§ **Task requirements**: Given the records underneath, please repeat exactly the lines from the line with "Roasted butternut and" through the line with "Gold LED Ceiling", passing over any picture.

§ **Records for this task**:
════════
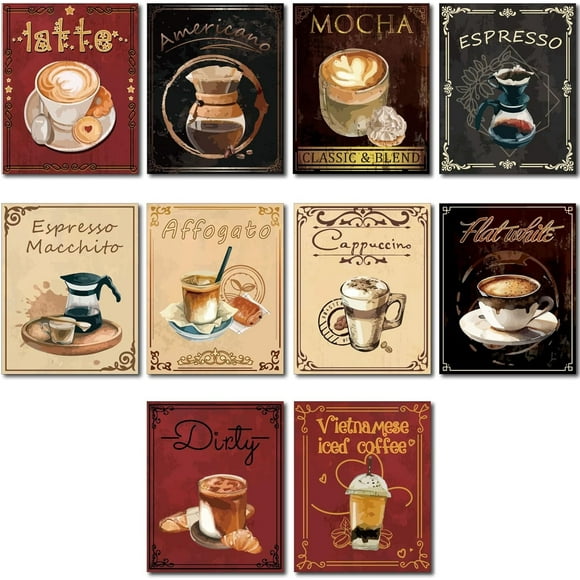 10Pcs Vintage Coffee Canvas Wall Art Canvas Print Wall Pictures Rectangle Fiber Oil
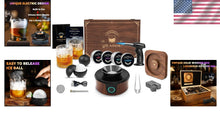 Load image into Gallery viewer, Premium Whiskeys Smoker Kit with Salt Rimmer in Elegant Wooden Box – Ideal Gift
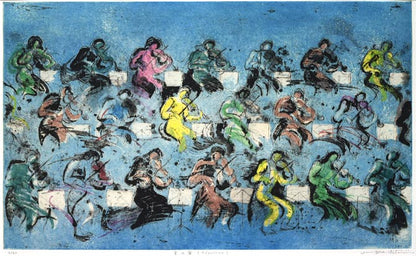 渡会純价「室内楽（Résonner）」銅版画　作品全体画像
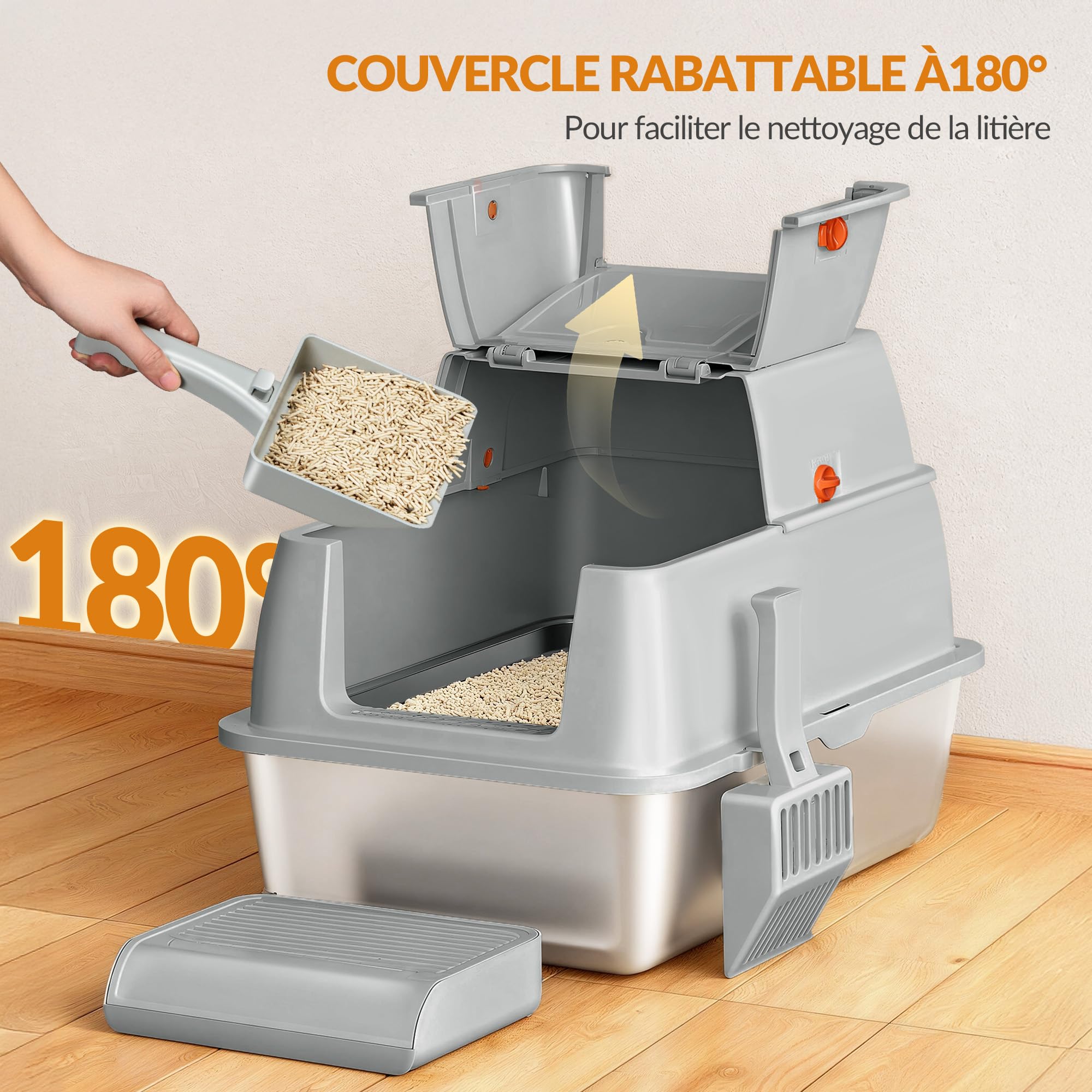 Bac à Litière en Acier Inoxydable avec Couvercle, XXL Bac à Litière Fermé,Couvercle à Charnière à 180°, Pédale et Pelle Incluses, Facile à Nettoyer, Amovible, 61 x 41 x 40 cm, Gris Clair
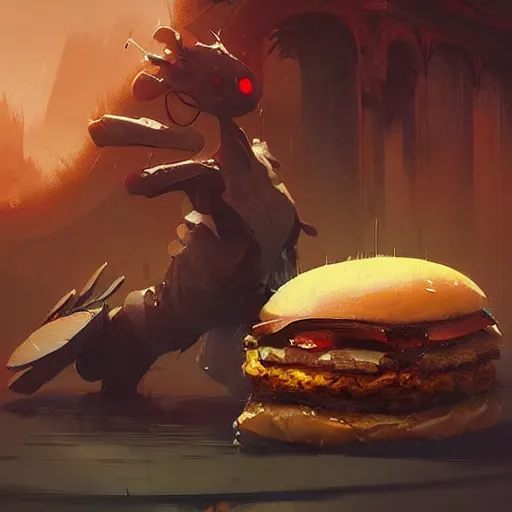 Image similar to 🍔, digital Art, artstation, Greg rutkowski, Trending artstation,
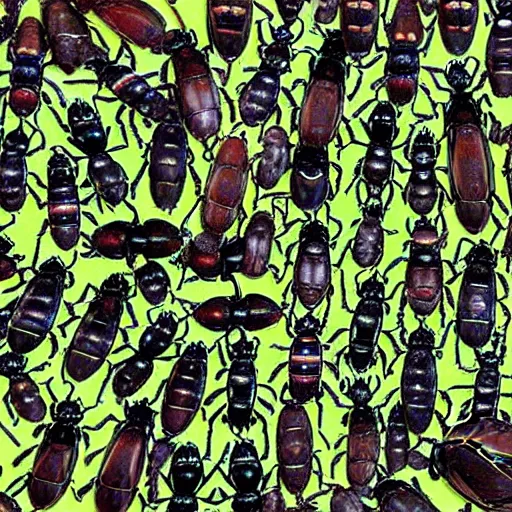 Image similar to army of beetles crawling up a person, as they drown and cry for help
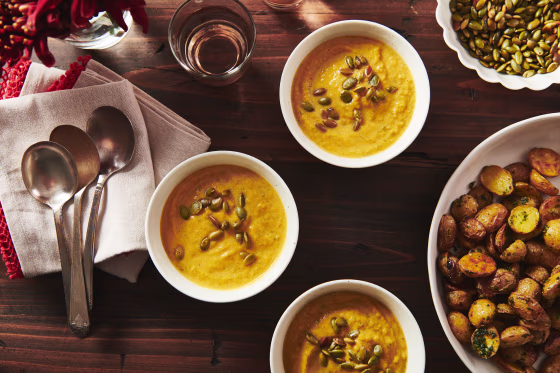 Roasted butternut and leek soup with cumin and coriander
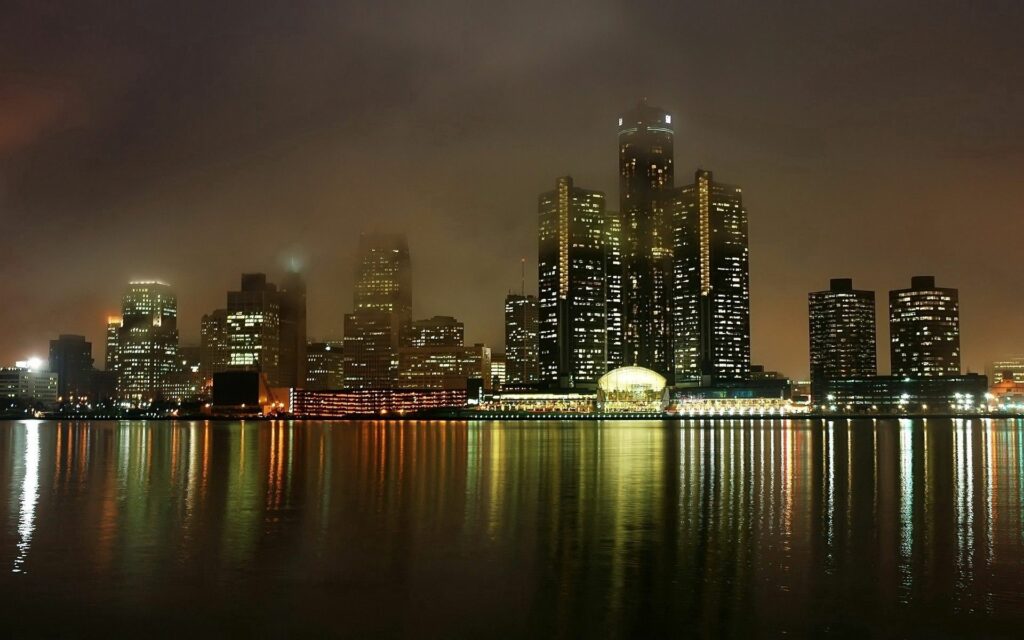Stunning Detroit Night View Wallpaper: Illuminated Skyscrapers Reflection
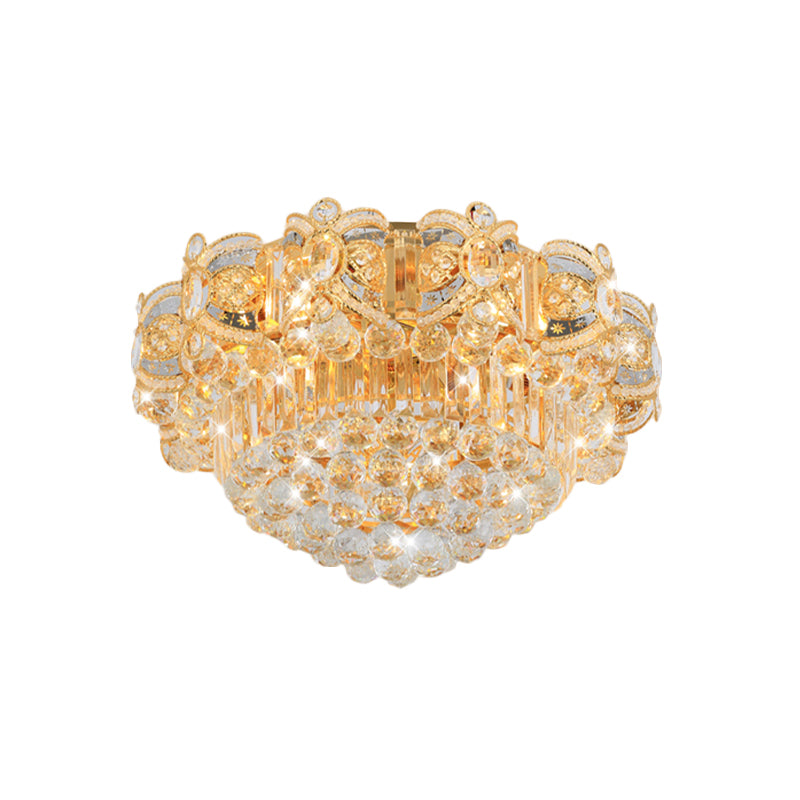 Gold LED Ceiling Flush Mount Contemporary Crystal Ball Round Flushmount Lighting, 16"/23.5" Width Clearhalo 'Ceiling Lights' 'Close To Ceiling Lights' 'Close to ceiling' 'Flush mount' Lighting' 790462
════════
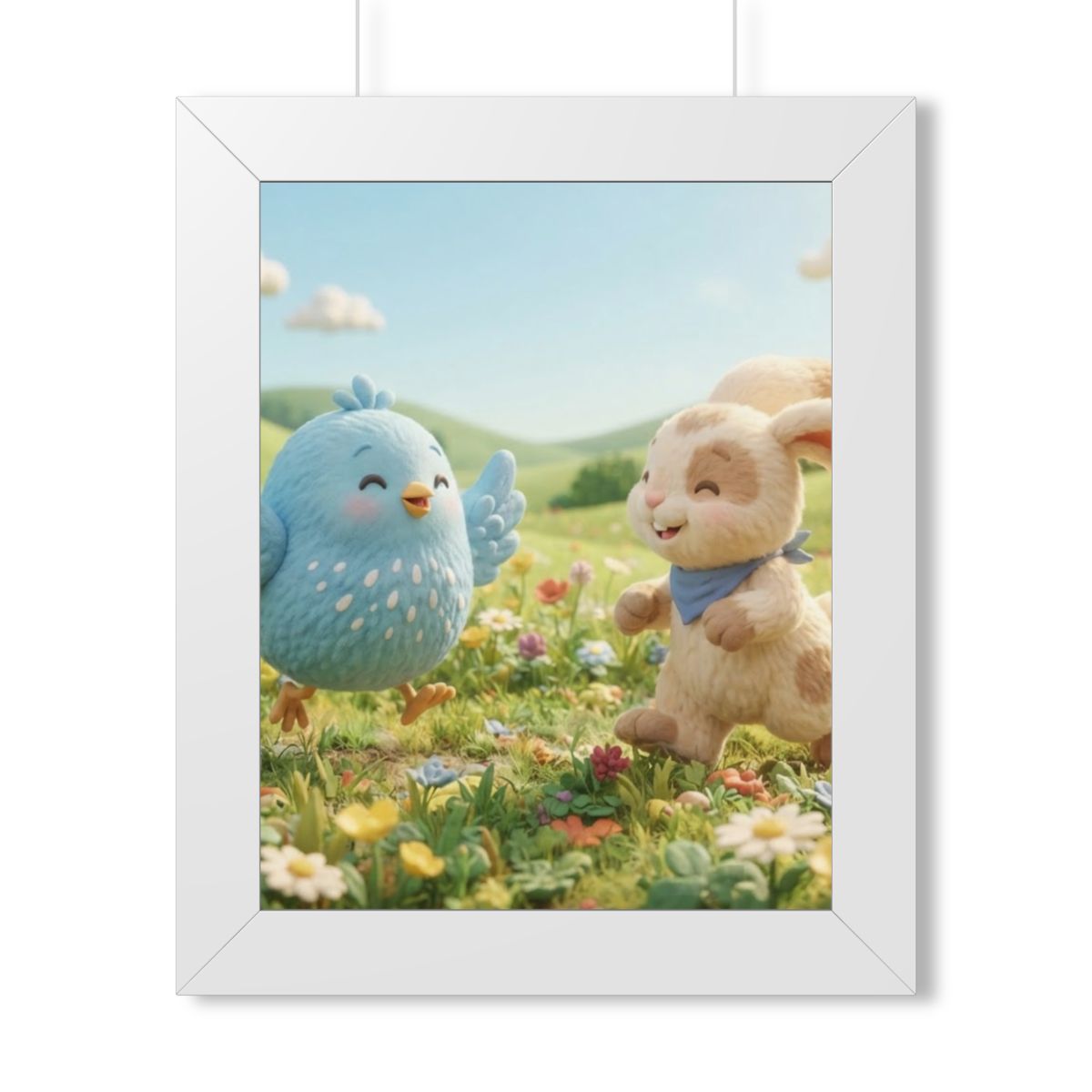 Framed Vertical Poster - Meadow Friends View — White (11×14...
════════
§ **Output**:
 Roasted butternut and leek soup with cumin and coriander
Stunning Detroit Night View Wallpaper: Illuminated Skyscrapers Reflection
 Gold LED Ceiling Flush Mount Contemporary Crystal Ball Round Flushmount Lighting, 16"/23.5" Width Clearhalo 'Ceiling Lights' 'Close To Ceiling Lights' 'Close to ceiling' 'Flush mount' Lighting' 790462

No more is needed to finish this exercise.